Schrijftips
Begin niet meteen aan een heel (dik) boek.
Vaak lukt het beter als je (om te beginnen) een
kort verhaal maakt. Dat kan twee of drie
bladzijdes lang zijn, maar ook langer natuurlijk.
Dat ligt er maar aan wat je te vertellen hebt.
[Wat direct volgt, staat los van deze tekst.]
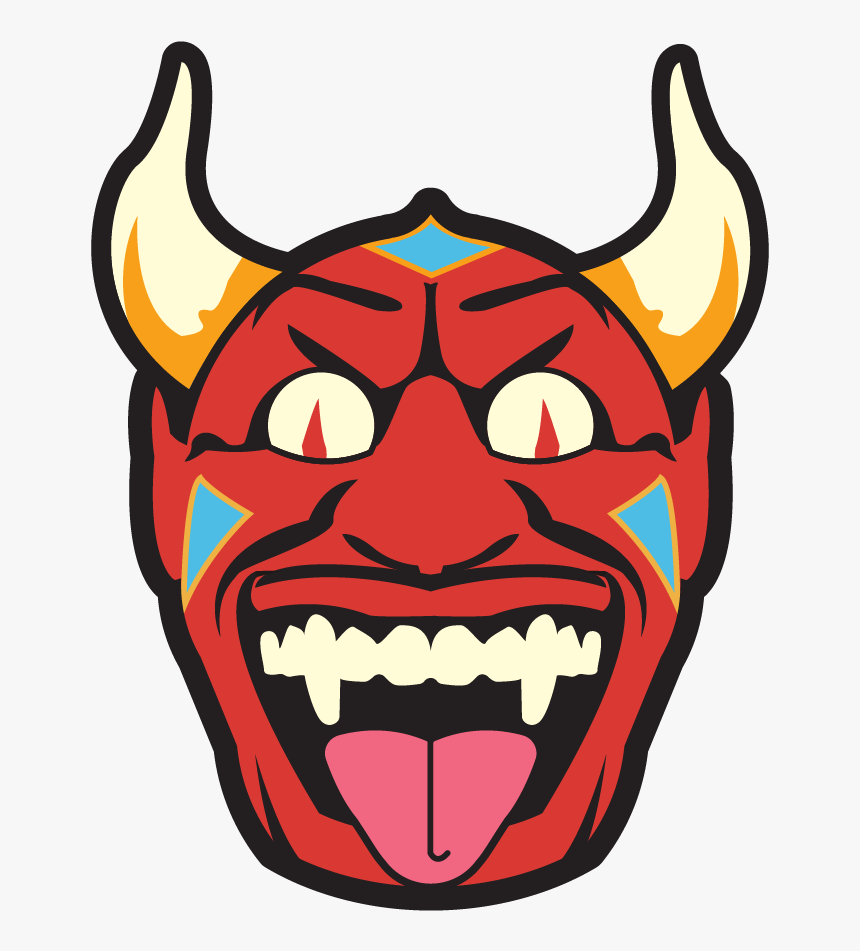 Devil Emoji SVG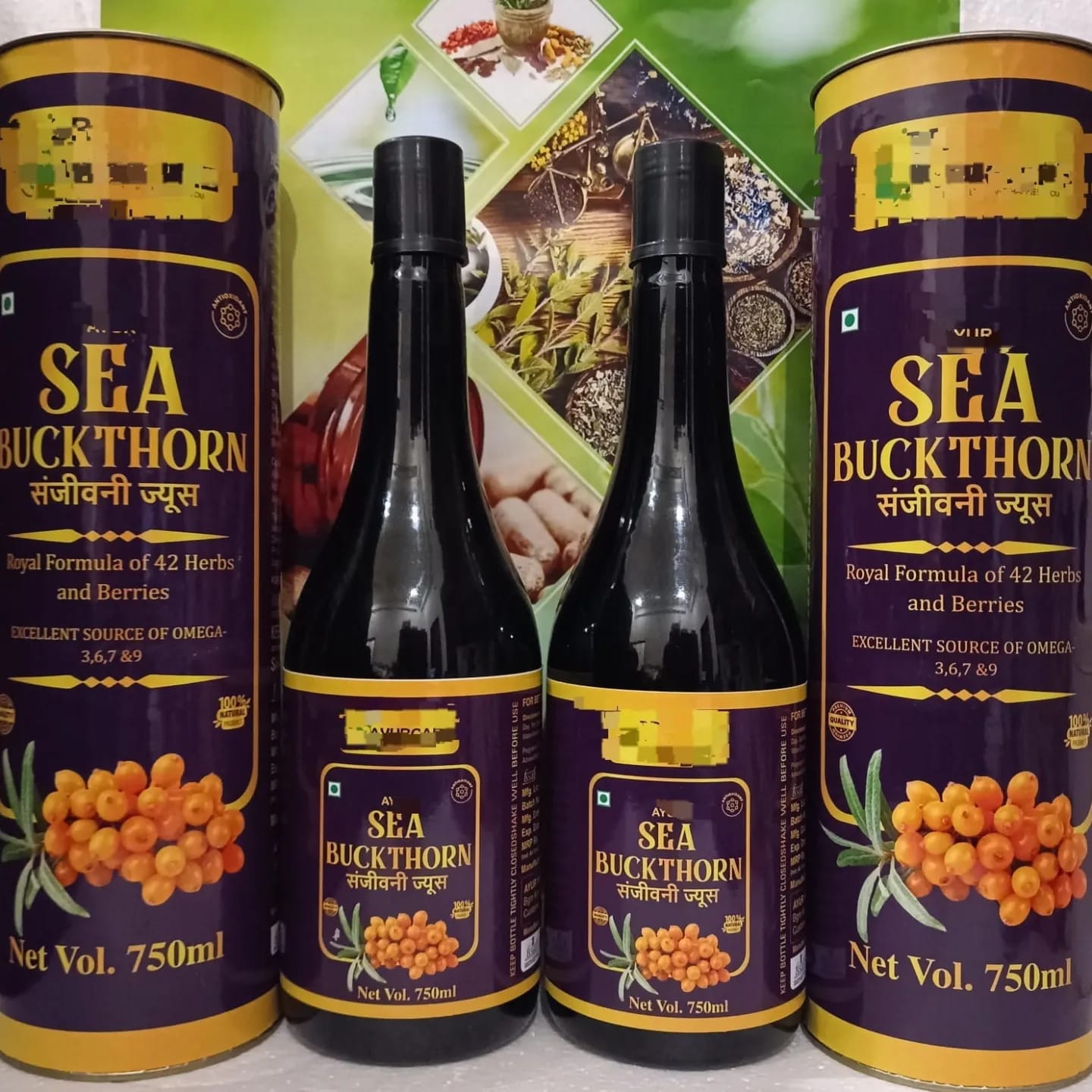 SEABUKTHORN JUICE by My Business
Een goed kort verhaal kan net zo mooi zijn, als
een boek van tachtig bladzijde.
Het is handig van tevoren heel kort op te schrijven hoe het verhaal ongeveer gaat
worden.
Bijvoorbeeld: (en nu verzin ik maar wat)
•
Esther zit in de klas
•
Gaat naar de wc, ziet dat een ander kind (Hanneke) iets pikt.
•
Wat moet Esther doen? Twijfel.
•
Verklikken? Dat kind in pauze aanspreken?
•
In pauze naar Hanneke ' schrikt, begint te huilen.
•
Hanneke vertelt waarom ze het doet.
•
Enz. (mag je zelf verzinnen)
Het wil niet zeggen dat je dat het verhaal precies moet uitwerken zoals in je schema.
Als ik aan een boek begin, heb ik ook zo'n schema.
Maar als ik eenmaal bezig ben, verander ik een heleboel. Ik krijg dan, tijdens het
schrijven, weer allerlei nieuwe ideeën en die gebruik ik. Toch het is fijn om van tevoren
een beetje te weten, welke kant het verhaal opgaat.
Bedenk daarom altijd hoe het verhaal zal aflopen! Máár…als je tijdens het schrijven een
ander einde bedenkt dat je beter vindt: gewoon doen!
Het is wel fijn als je begint dat je (voorlopig) weet waar je naartoe wilt!
Let ook op de 'spanningsboog' in je verhaal.
Als (eenvoudig) voorbeeld het verhaal van Roodkapje.
-> Het begin is niet zo spannend.
Roodkapje moet naar oma en haar moeder waarschuwt Roodkapje: 'Je moet flink
doorlopen, op het pad blijven en niet met vreemde mensen meegaan.'
Tóch word je al een beetje nieuwsgierig, want er is een of ander gevaar in het bos,
anders zou moeder dat niet zeggen.
Dan komt Roodkapje de wolf tegen die erg vriendelijk tegen haar is.
->>Het verhaal wordt al een beetje spannender.
De wolf gaat naar oma, eet haar op en Roodkapje staat even later op de stoep van het
huisje van oma.
->>>Nu wordt het echt spannend, want je weet wat de wolf van plan is en dat gebeurt
ook.
'Tenslotte komt de jager en loopt alles goed af.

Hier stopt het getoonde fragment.